_Work instruction_:
The entries below are to be returned as written, with all pictures dropped.

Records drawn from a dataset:

========================================

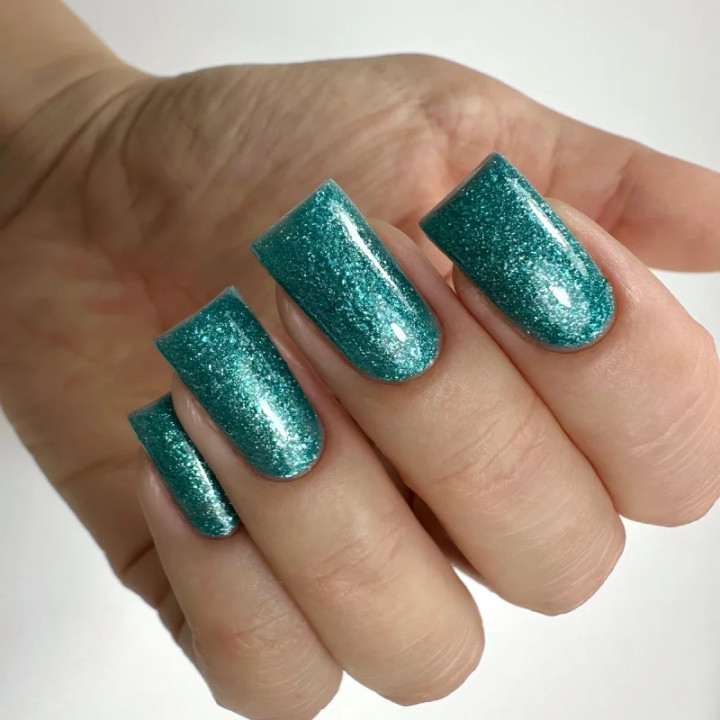Gel Polish PNB 12L Deep Emerald - 8 ml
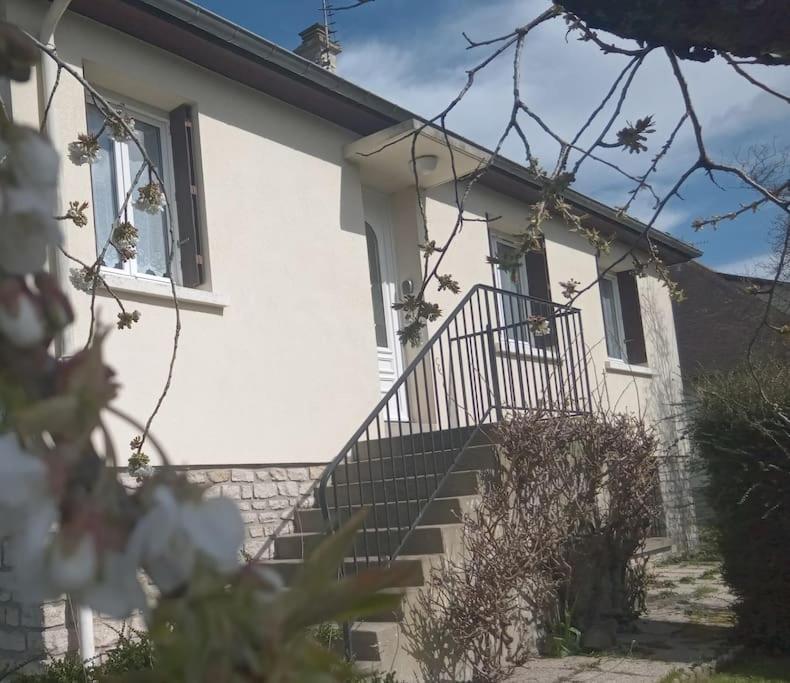 Holiday home Le Vintage 14 Bayeux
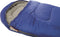 Easy Camp Cosmos Sleeping Bag, blauw/grijs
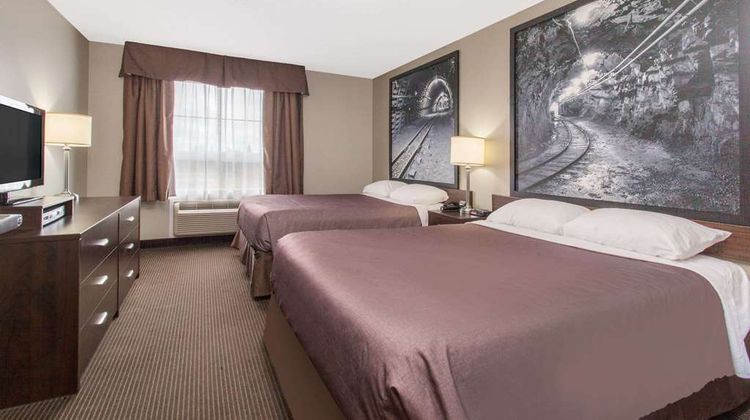 Super 8 Red Lake, ON Room
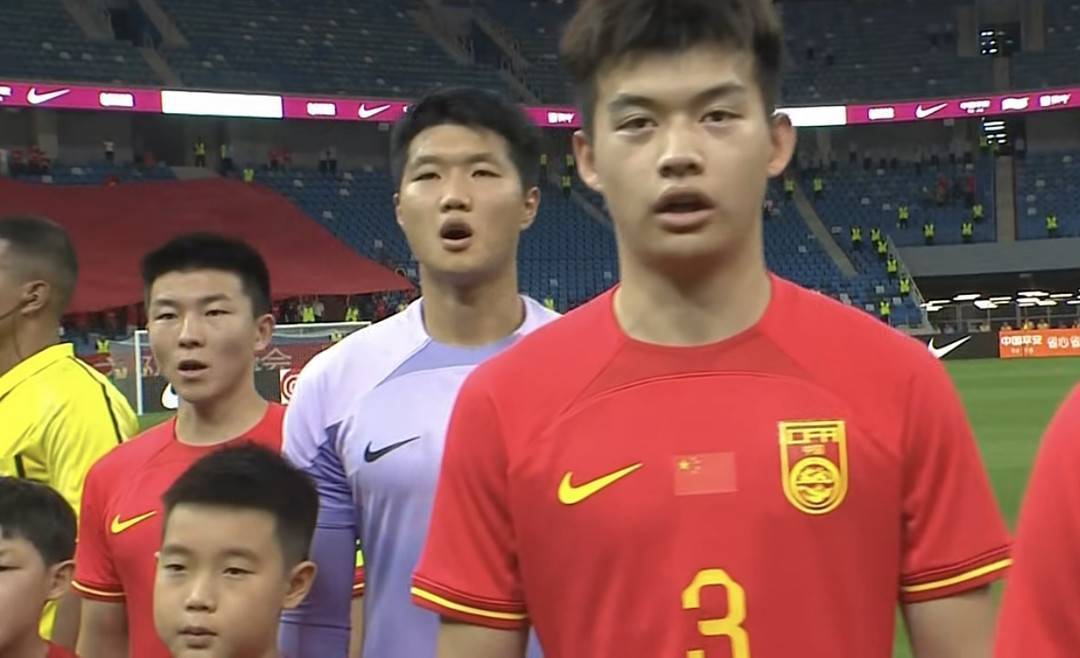 U23亚洲杯预选赛首战 中国国奥0:0战平阿联酋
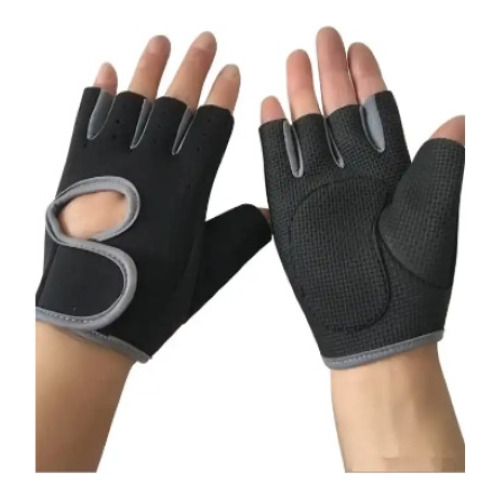 Guantes Deportivos Para Hombre Y Mujer Lindos Y Comodos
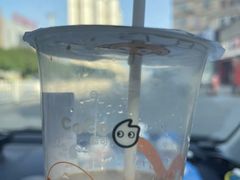 -CoCo都可(湖滨银泰店B区店)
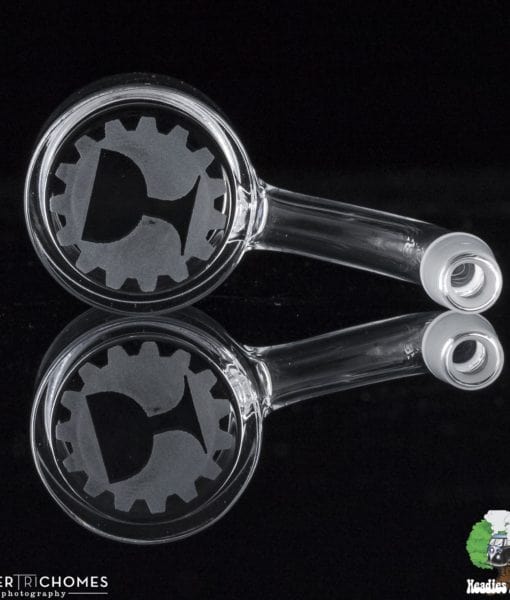 Toro Grail Bangers Quartz Headies Hideout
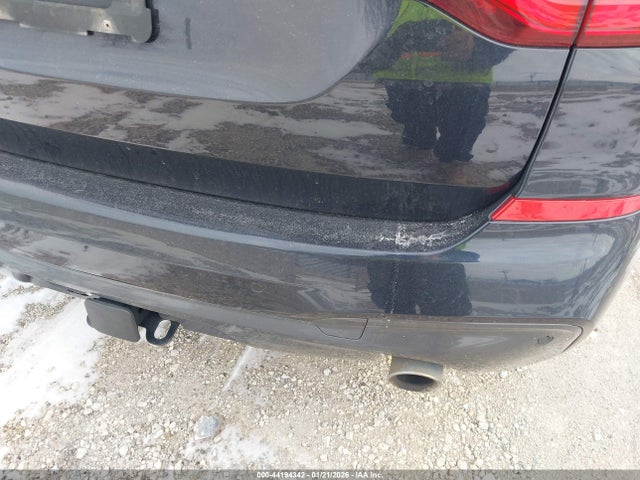 Aukcja sprzedaży 2018 Bmw X3 Xdrive30i, vin: 5UXTR9C52JLC76745, numer aukcji: 44194342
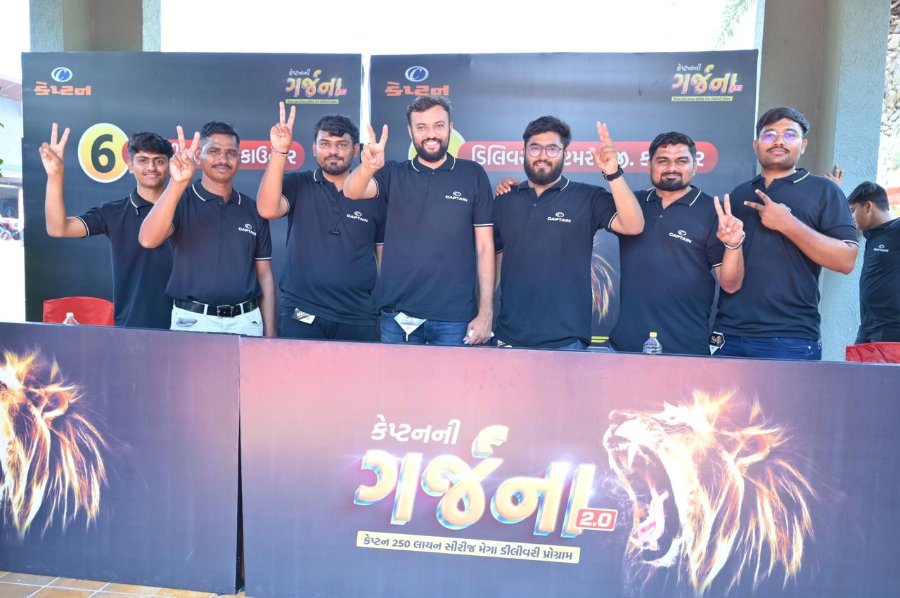 PRODUCT LAUNCH EVENTS (4)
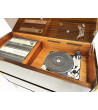 GRUNDIG SO-390 Hifi Vintage réparation
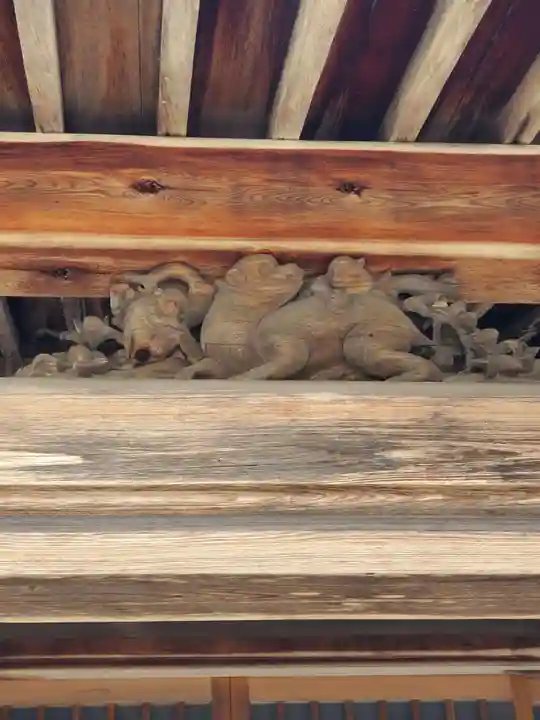 猿投神社(愛知県)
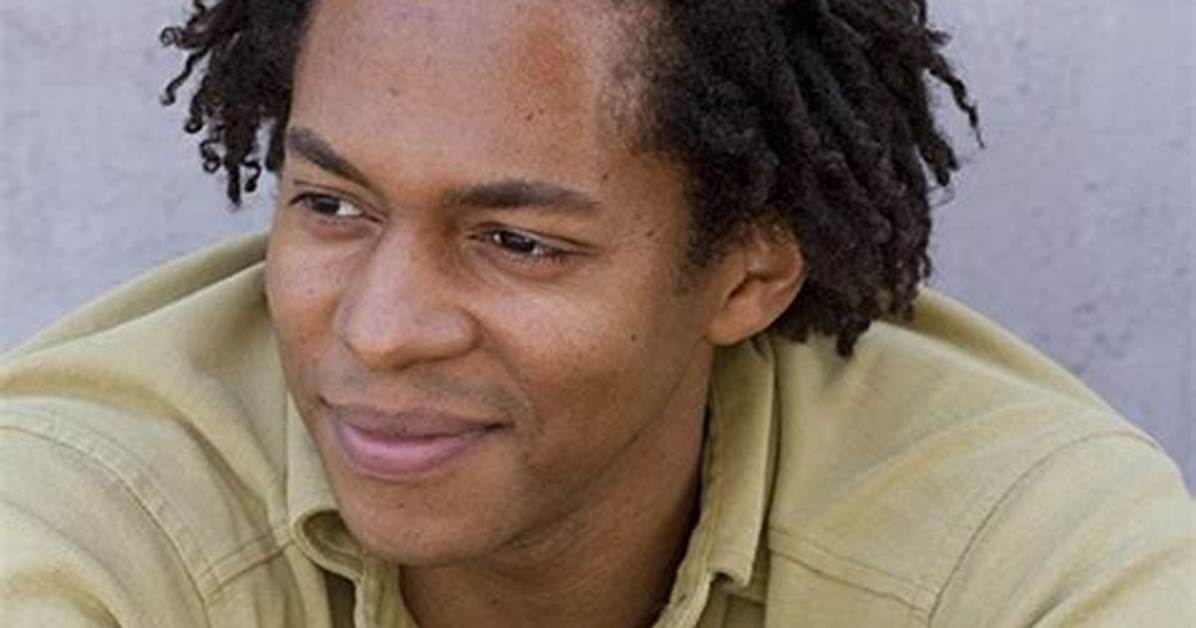 Shedrack Anderson Iii Net Worth 2024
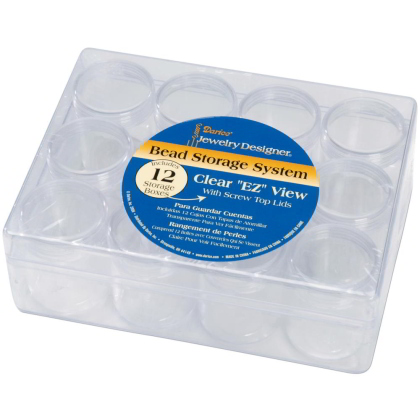Bead Organizer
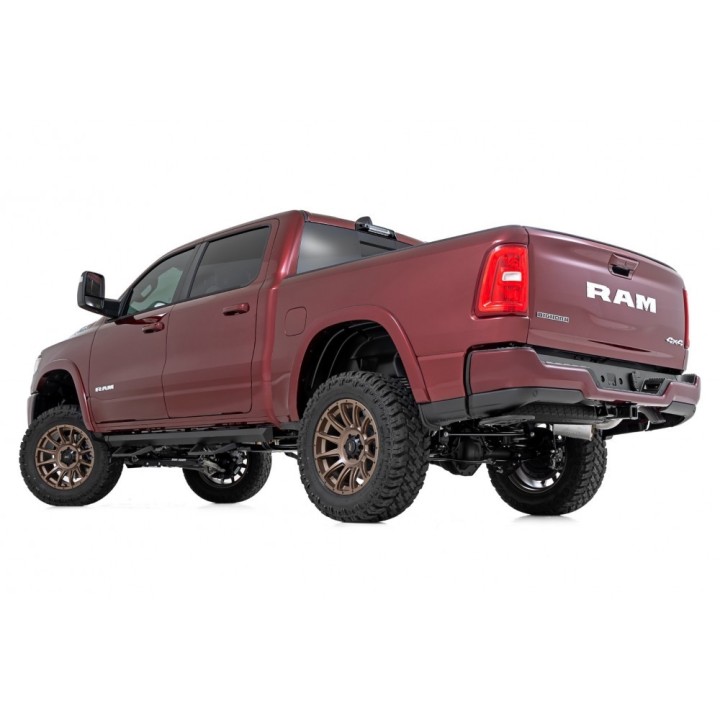 Zestaw zawieszenia Rough Country N3 Lift 6" - ujęcie 4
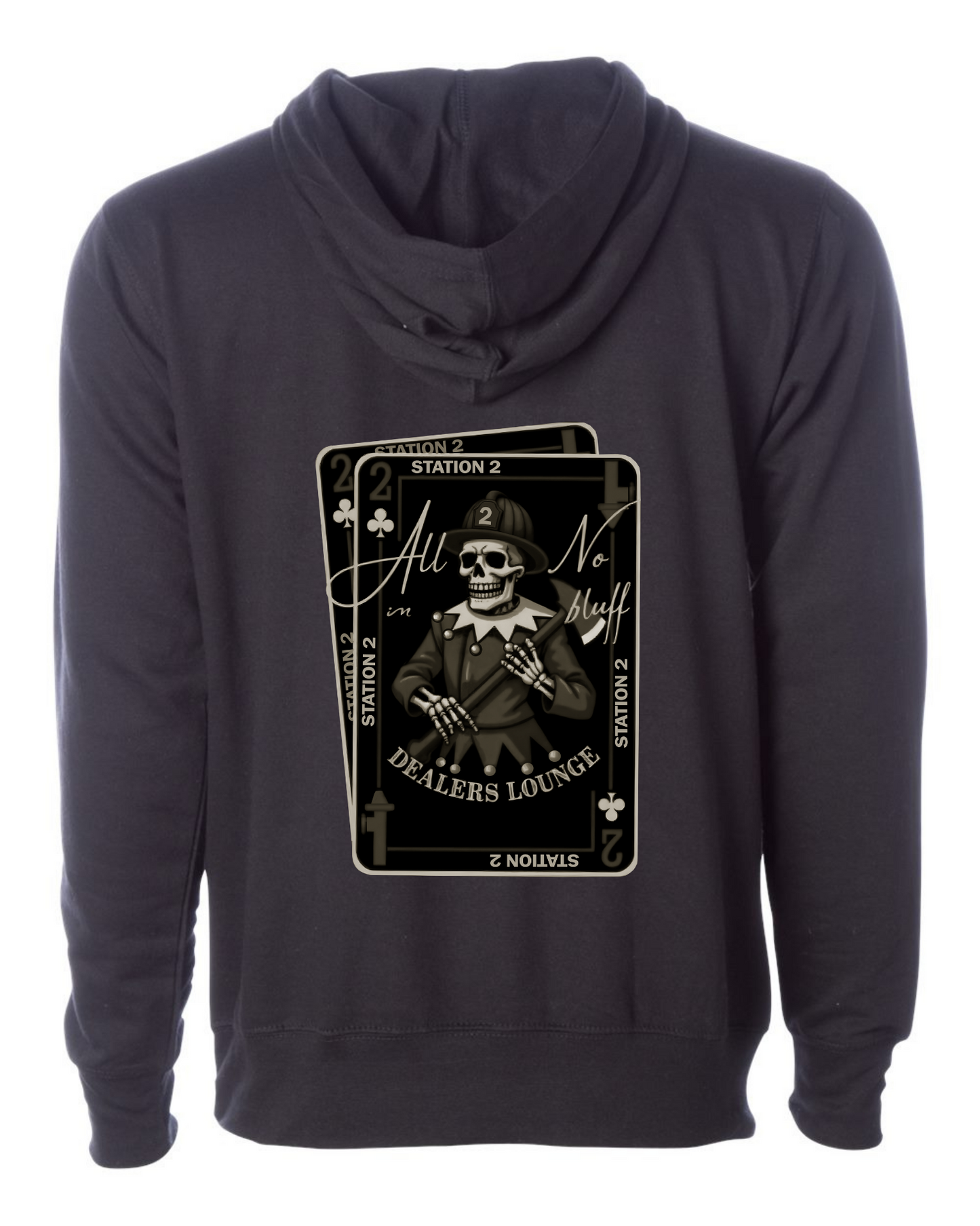 DTT - Dealers Lounge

========================================

_Answer for this exercise_:
Gel Polish PNB 12L Deep Emerald - 8 ml
 Holiday home Le Vintage 14 Bayeux
 Easy Camp Cosmos Sleeping Bag, blauw/grijs
 Super 8 Red Lake, ON Room
 U23亚洲杯预选赛首战 中国国奥0:0战平阿联酋
 Guantes Deportivos Para Hombre Y Mujer Lindos Y Comodos
 -CoCo都可(湖滨银泰店B区店)
 Toro Grail Bangers Quartz Headies Hideout
 Aukcja sprzedaży 2018 Bmw X3 Xdrive30i, vin: 5UXTR9C52JLC76745, numer aukcji: 44194342
 PRODUCT LAUNCH EVENTS (4)
 GRUNDIG SO-390 Hifi Vintage réparation
 猿投神社(愛知県)
 Shedrack Anderson Iii Net Worth 2024
Bead Organizer
 Zestaw zawieszenia Rough Country N3 Lift 6" - ujęcie 4
 DTT - Dealers Lounge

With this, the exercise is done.